But St. Tammany Parish argues in a court brief that the federal agency’s action “amounts to unreasonable usurping of local authority, which jeopardizes the economic development of the parish,” in effect overruling a three-year rezoning process that resulted in the property being zoned for “Traditional Neighborhood Development.”
St. Tammany is one of the fastest-growing parishes in the state. Hurricane Katrina in 2005 brought an influx of residents fleeing New Orleans less than an hour away, and growth hasn’t stopped. The parish contends it needs the property to accommodate the people who are moving there, but the federal government has effectively made it off-limits.
“Our population almost overnight grew 30,000-plus,” said Terry Hand, the parish attorney. “We weren’t prepared.” The census estimated the parish’s population last year at 256,000.
Since the hurricane, the parish has worked on a new growth plan and finally has acquired the rights of way for a critical four-lane highway that’s been in the planning and funding stages for more than 25 years.
‘One hurricane away’
But, Hand said, “we’re one hurricane away from another influx of maybe 50,000 people.”
Plus, voters have rejected renewing several local taxes dedicated to parish operations, forcing the parish to rely more on developer fees.
“That large piece of property cannot be developed,” Hand said, “but to return it to where it would be suitable for the frog adversely affects adjoining pieces of property.” The property would have to be burned periodically to restore the grassy understory the frog needs, and the controlled burns would cause smoke in adjacent areas.
The critical habitat designation does not require owners to establish a refuge or stop using the land as a tree farm. However, landowners seeking federal funding or a federal permit might be required to consult with the agency on a conservation plan.
Recovery of the frog is impossible without places where the frog can breed, and the St. Tammany ponds provide breeding habitat once common and now not found anywhere else.
Federal officials say the ponds are necessary but not sufficient for the survival of the species. The frog also needs a canopy of longleaf pines and grassy understory where it can spend most of its life in abandoned gopher tortoise holes, which give the frog its name.
‘Polar bears in Key West’
Today on the property the longleaf pines and the grassy areas are gone, replaced by thickly planted loblolly pines for commercial timber.
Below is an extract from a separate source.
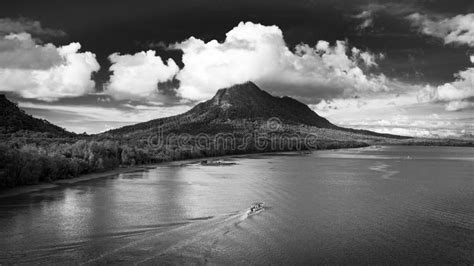 Mount Santubong In Sarawak Malaysia Stock Photo Image Of Boats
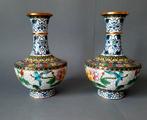 Vintage koppel Cloisonné Chinese vazen, Antiek en Kunst, Ophalen of Verzenden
The federal agency has offered to work with the landowners to create better conditions, pending their voluntary cooperation.
Mark Miller, a senior attorney with the conservative Pacific Legal Foundation who represents landowner Poitevent, contends the critical habitat designation “locks up” the land, unnerving property owners as well as state and local officials.
For now, the federal government views the property as a backup in case a hurricane or other disaster imperils the dusky gopher frogs in Mississippi.
“All these people who cry, ‘We are destroying the frog’ — well the frog can’t live there,” Poitevent said. “We would have to completely redo the landscape. Plant the trees the frog likes and burn it every year. But tell me this, is there a frog fire escape?
“You might as well say let’s put some polar bears in Key West,” he said. “You could—if you spent the money.”